Is big pharma risk averse? Quintessence Biosciences President and COO Laura Strong argued that, particularly with all the layoffs happening in big pharma R&D, innovation comes from outside to mitigate much of the early risk. And that good science just doesn’t always equal a commercially viable product. “For potential dealmakers, you’re dealing with Wall Street’s perception of […]

Is big pharma risk averse?

Quintessence Biosciences President and COO Laura Strong argued that, particularly with all the layoffs happening in big pharma R&D, innovation comes from outside to mitigate much of the early risk. And that good science just doesn’t always equal a commercially viable product.

“For potential dealmakers, you’re dealing with Wall Street’s perception of the assets you’re buying,” Strong said, speaking at MedCity’s Mid-America Healthcare Venture Forum in Chicago. “So it makes more sense to buy assets that look like someone else’s assets.”
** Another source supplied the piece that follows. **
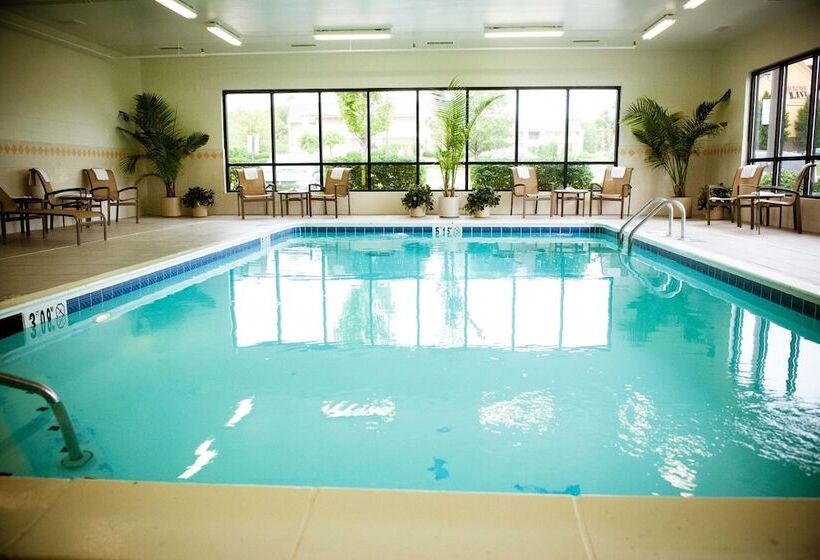 فندق Chester Inn & Suites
The people in the driver’s seat, she said, are folks chasing immunooncology – checkpoint inhibitors and CAR-Ts have never been hotter – but it’s hard to get acquired or get funding unless you fit into a certain mold that investors and acquisitors understand. And to do that, you can’t quite go against the grain. She actually blogged her argument here:

When “selling” your science/technology, you should be able to articulate what problem your product solves for your customer. While this tidbit sounds like sales 101, I spend a lot of time figuring out whether and how my product fits into the pipeline of a potential pharma partners or the portfolio of a venture capital company. In oncology, this exercise has become more challenging as our industry has brought a number of great drugs to market over the last decade. But funders/partners see too many stories to do the heavy lifting of figuring out market fit to understand if they should buy your product.
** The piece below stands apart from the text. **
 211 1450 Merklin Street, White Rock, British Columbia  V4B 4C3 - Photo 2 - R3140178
Geeta Vemuri of Baxter Ventures thought otherwise: It takes entirely too much capital to ever consider big pharma risk averse. Investing the requisite multimillions to get a product from bench to bedside is inherently a risky task – and the concept of outsourcing much of the early intellectual work rather than keeping it in-house shows trust in risky, external entities.

Vemuri, speaking from a corporate investment perspective, did say that 80-90 percent of Baxter Ventures’ investments are made with the intention to ultimately feed the into the drugmaker’s pipeline.

Strong said there’s a disconnect between early and midstage companies that are centered on developing the science of a product – and its commercial viability. But the fact is that most venture capitalists are looking at hundreds or thousands of deals yearly – so to stand out from the pack, sometimes it’s all about appearing familiar and, of course, presenting fast returns. If you aren’t immediately compelling or standout, you’re swallowed by the quagmire of competition.

“Entrepreneurs look for investors who believe in their science, but finding the right commercialization partner – thats really underappreciated by early and midstage entrepreneurs,” Strong said.